To be fair, a TV show like The Wire has thirteen hours to live with its characters and to diagnose an illness, revealing one symptom at a time, the cumulative effect of which is devastating. Gomorrah has two-and-a-half hours, but, by focusing on the breadth, rather than the depth, of the Camorra’s reach, I’m not sure that it would be more satisfying even with more time. Aside from the relentless killing and the hammering home of the fact that the Camorra exists everywhere, the film has little to offer in terms of social analysis. The film’s thesis is that there is no “under” in “underworld” anymore—their world is our world. But is there anyone who will go into this film without already assuming the Neapolitan Mafia is extremely powerful and kills lots of people? The statistics that precede the end credits, stating in cold hard fact the evils of the Camorra, are, in some ways, more eye-opening than the film itself.

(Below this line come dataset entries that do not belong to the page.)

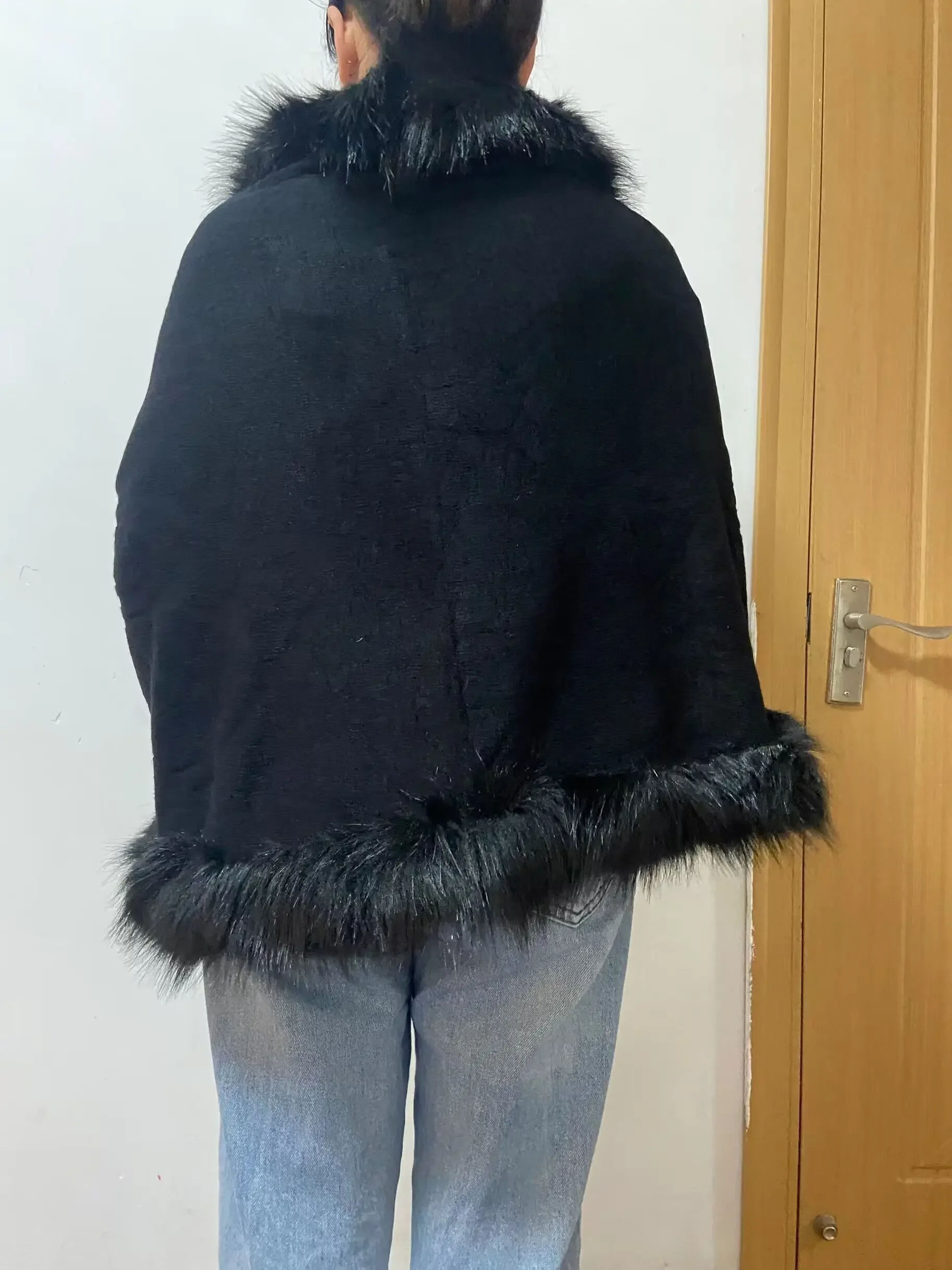 13 Colors Faux Fox Fur Collar Wool Cashmere Poncho Capes New Winter Women Black White Knitted Cardigan Loose Emboss Shawl Coat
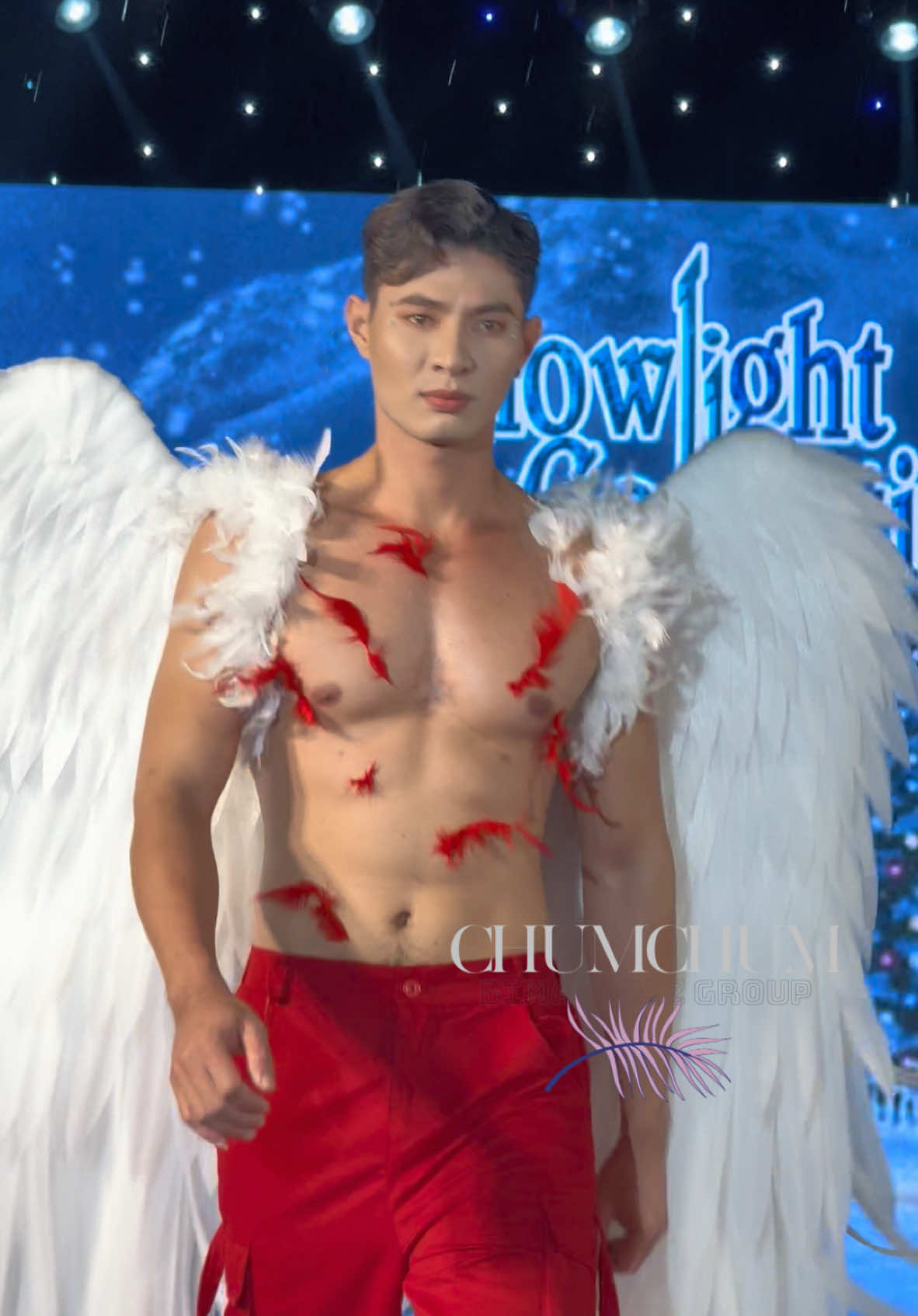 Phạm Văn Quốc với body cực cháy trình diễn cho NTK Vinh Quang tại White Fashion Runway 2 #ChumChum #BimatVbiz #Thegioimodels #Lattungvbiz #TiktokGiaiTri #Globalem #whiteFashionRunway2 #whiteFashionRunway2chumchum #phamvanquoc #NTKVinhQuang #ModelKid #ViverseEvent #AnKimMakeupArtist #MynhonMakeupAcademy #WhiteFashionShow2 #Chumchum #Lehoangminhnguyetnail #WhiteFashionRunway  #NovalandGallery #Snowlight #SacXuan 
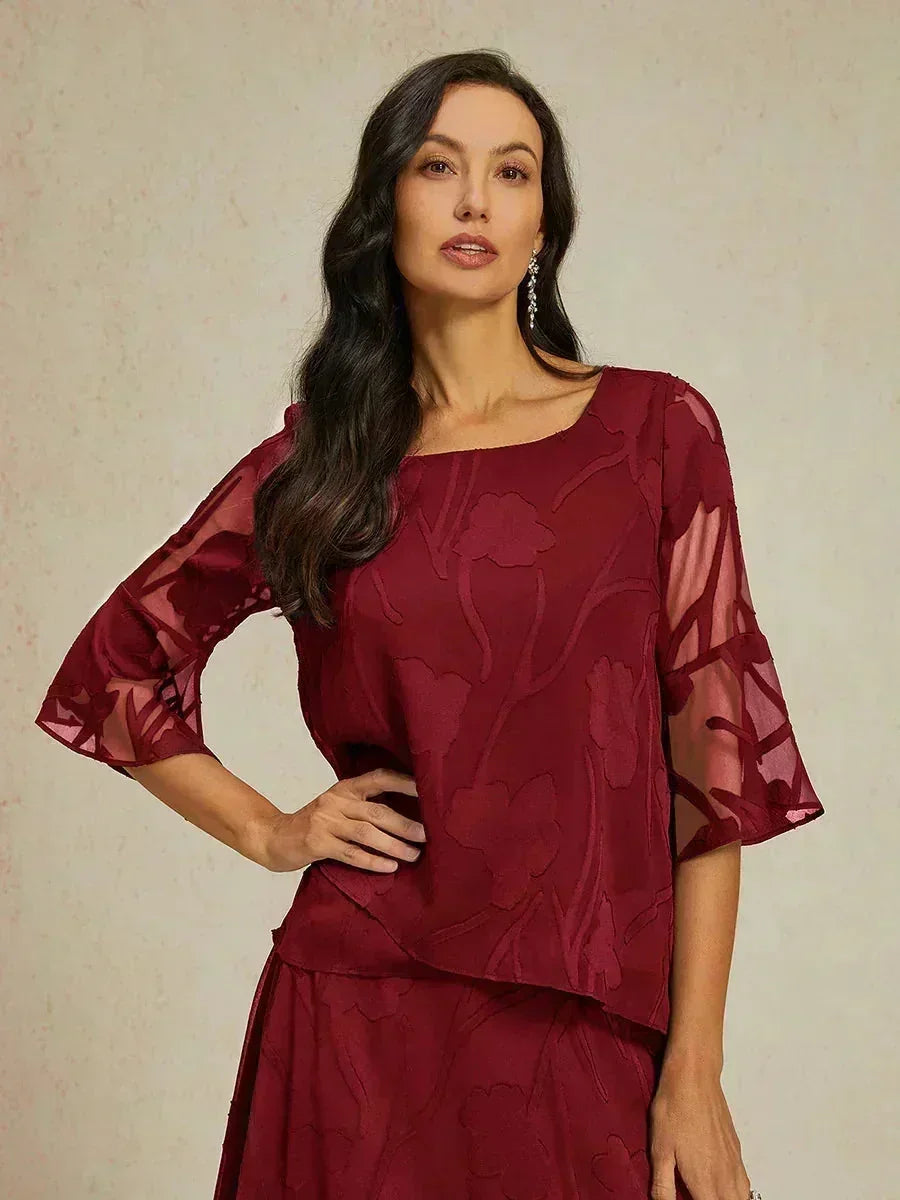Chemise en soie avec des bords asymétriques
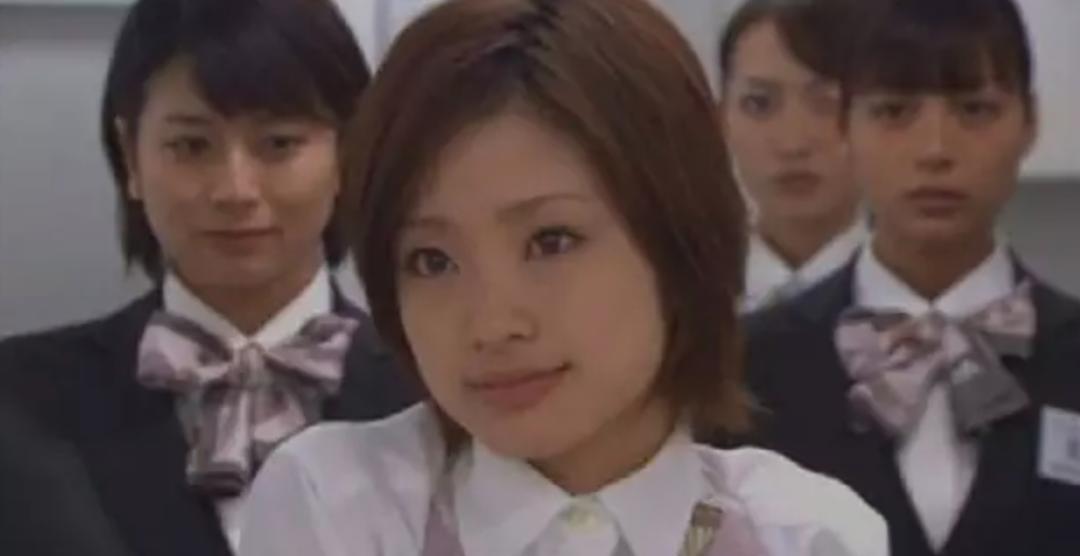 日系三线女星高清写真图,日本十大女神级女星面部特写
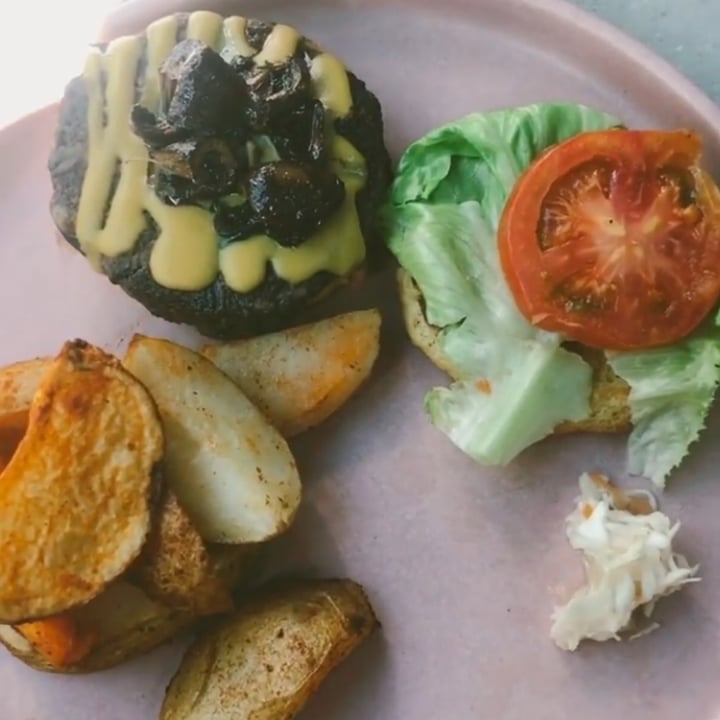 review photo of Mudrá Hamburguesa De Hongos shared by @abru95 on 18 Oct 2021 - review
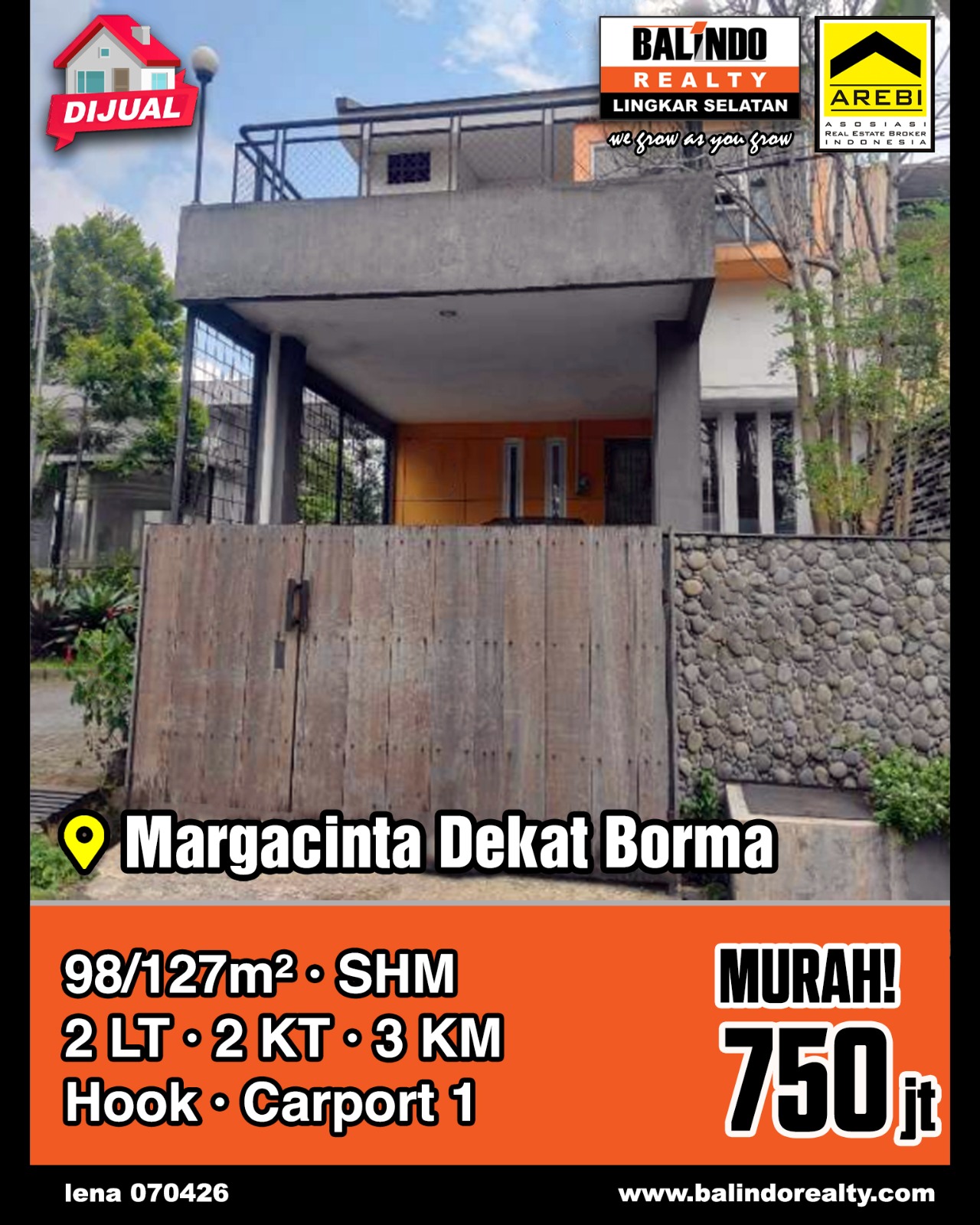 Dijual Rumah 2 Lantai Harga Murah di Margacinta Dekat Borma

The film is not devoid of greatness, however, and there are scenes that sear into the brain, rising above the ferocious banality of the rest. One is the almost dream-like sequence where Marco and Ciro, dressed only in sneakers and underpants, fire off an arsenal of assault weapons they’ve stolen from one of the Camorra gangs. Surreal, terrifying and funny, it is perhaps the most direct and visceral expression of sexually fueled, pent-up adolescent rage I’ve ever seen (at least since McLovin shot up that cop car). It is also one of the few moments where the film bothers to pause and examine its characters in any sort of depth. Another indelible scene is Toto’s initiation into the Camorra, a sort of cherry-popping ceremony where anxious boys wait outside of a purgatorial cave to be called into a meeting with the Mafia boss. At the meeting, they put on a bullet-proof vest, are asked if they are scared, and then get shot. For all of Garrone’s sprawling, multi-narrative ambition, for all of his brutal, oftentimes shocking authenticity, this single scene says more about the Camorra and its hold on the populace than anything else the film has to offer. Still, the film is brave and sincere, rigorous in its anti-Hollywood, down-and-dirty aesthetic, full of sound and plenty of fury. I’m just holding out for The Wire: Naples Edition.